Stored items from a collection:
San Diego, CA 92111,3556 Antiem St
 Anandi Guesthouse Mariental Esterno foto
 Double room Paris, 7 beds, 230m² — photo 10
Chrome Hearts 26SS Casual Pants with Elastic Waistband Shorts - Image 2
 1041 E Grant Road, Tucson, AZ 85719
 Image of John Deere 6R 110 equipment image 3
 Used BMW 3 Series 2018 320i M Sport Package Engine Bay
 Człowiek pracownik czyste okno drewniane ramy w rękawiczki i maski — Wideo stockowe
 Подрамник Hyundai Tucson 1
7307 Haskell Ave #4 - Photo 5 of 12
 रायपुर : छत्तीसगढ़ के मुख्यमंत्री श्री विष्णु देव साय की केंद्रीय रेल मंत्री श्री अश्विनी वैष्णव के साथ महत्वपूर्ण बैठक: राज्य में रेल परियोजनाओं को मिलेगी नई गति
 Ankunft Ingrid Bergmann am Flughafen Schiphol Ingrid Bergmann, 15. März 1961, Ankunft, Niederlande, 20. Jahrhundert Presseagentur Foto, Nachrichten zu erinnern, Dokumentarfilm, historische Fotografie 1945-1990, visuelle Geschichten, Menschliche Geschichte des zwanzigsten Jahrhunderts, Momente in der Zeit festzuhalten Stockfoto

### Task statement
Please state how many lines in the entries above include the string "Tucson", and write only that number.

### Solution
2